In this section, we describe implementation details, evaluations, comparisons to prior work, limitations, and applications.

6.1. Baselines

Built-in Textures

The simplest baseline is to compare with the materials that come by default from each shape model. Most of the shapes in our dataset lack any meaningful material properties. Besides the very few with high quality textures, most shapes have either arbitrary colors or low resolution textures.

No Material Classification

We evaluate a version of our method without the material classification step. We assign random materials given the substance computed in section 4.3. This is akin to our training data generation process.

Color Matching

A naive method of matching materials is to render a shape with all possible materials and compare the resulting color distribution with the exemplar image. Our experiments show that such brute-force approaches were too slow for large-scale applications (rendering thousands of object with hundreds of materials takes a long time). Such comparisons also have difficulty accounting for complicated textures and non-uniform lighting effects such as shadows and specularities. We show a comparison in Figure 8.

Projective Texturing

Another approach for appearance modeling is projective texturing. If the alignment between the 3D model and the image is good  [Debevec et al., 1996; Kholgade et al., 2014], the image can be used as a texture for the 3D model. However, good alignment is a very difficult task, even with manual intervention. An additional approach that models the appearance of an object as “baked” material and illumination properties is reflectance maps [Rematas et al., 2017]. Figure 13 shows the results of projective texturing and reflectance map shading compared to our approach.

Figure 8. Matching by median color fails to account for specular reflections and fetches a diffuse, lighter material. We include the color histogram of each image on the upper left with the median color (dotted lines).

6.2. Results

We show a sample of our results in Figure 15 (please see supplementary materials for more), comparing to the built-in materials, our results with no classifier, and our full results. We also show the benefit of using high-resolution relightable textures in Figure 12.

We also show results for categories other than chairs in Figure 10. Note that these results are produced without additional training. Results may be improved by adding relevant materials (e.g., rubber for tires) and further training the classifier.

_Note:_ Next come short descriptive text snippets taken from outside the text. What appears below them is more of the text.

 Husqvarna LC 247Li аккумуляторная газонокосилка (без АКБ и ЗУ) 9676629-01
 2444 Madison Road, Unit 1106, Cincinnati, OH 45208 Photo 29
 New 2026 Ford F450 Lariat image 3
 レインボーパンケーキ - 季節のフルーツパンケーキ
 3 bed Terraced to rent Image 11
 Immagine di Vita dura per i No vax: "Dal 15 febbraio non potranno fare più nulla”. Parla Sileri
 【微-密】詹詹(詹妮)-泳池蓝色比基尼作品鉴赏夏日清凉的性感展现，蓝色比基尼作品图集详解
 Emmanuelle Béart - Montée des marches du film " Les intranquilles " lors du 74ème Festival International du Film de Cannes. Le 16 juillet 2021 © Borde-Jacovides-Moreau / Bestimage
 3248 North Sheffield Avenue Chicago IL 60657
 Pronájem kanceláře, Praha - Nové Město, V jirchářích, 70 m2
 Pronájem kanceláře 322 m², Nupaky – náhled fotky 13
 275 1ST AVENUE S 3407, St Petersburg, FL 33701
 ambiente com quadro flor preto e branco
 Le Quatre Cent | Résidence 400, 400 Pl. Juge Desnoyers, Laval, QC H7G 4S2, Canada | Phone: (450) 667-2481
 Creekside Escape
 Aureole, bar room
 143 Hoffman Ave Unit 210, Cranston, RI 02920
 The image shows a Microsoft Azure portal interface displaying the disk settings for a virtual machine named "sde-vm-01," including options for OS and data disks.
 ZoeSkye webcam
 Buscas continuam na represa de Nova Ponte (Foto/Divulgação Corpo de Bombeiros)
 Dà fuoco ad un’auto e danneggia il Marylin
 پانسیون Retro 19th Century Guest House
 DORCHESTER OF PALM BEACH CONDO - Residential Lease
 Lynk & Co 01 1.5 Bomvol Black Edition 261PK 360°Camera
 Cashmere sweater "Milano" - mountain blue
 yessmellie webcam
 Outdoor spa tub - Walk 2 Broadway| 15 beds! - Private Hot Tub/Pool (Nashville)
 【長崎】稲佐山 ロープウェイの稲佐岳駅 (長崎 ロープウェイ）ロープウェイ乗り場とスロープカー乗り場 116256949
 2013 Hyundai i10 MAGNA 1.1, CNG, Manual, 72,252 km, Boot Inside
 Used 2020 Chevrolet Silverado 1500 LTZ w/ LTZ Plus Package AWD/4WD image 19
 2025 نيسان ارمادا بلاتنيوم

Figure 9. Our method is able to produce different plausible materials (bottom) of the same Shape (left) given different exemplar images (top outlined).
Figure 10. Without any additional training, our pipeline produces plausible results for motorcycles (top left), pillows (top right), coffee tables (bottom left) and cabinets (bottom right). A green outline indicates the exemplar followed by our result to the right. The motorcycle tires are assigned metallic and leather materials as we lack a rubber material in our dataset. The knobs of the cabinet were missed by the fine alignment step due to the small size and sharp color variation of the chrome.
Figure 11. Representative examples of our categorization of results. (a) Good models are good representations of the original exemplar. (b) Acceptable models have slight differences but are overall plausible. (c) Failures, for which we identify the following modes: (i) material mis-classification, (ii) material mis-classification caused by ambiguous appearance (plastic sometimes looks like leather etc.), (iii) color mismatch, (iv) over-segmented mesh causing material discontinuity, (v) under-segmented mesh making it impossible to assign correct materials, and (vi) mis-alignment of the exemplar and shape (includes retrieving the wrong object)

6.3. User Study

We conducted a user study on Amazon Mechanical Turk to evaluate the performance of our method. We showed users an image and asked them to specify whether they thought the image was a ”real photograph” or ”generated by a computer”. We tested our method with three different baselines: built-in textures, our pipeline but without the material classifier, our full method, and real images. We performed the study on the ShapeNet and Herman Miller datasets separately. For ShapeNet results, we sampled 1000 result renderings uniformly at random. For Herman Miller results we sampled 500. Results are shown in Table 1.

ShapeNet Herman Miller
Real Fake Real Fake
Built-in 32% 68% 37% 63%
Ours (No Classifier) 41% 59% 43% 57%
Ours 47% 53% 51% 49%
Photographs 81% 19% 83% 17%
Table 1. User Study. The ratio of users who thought our results were real photographs.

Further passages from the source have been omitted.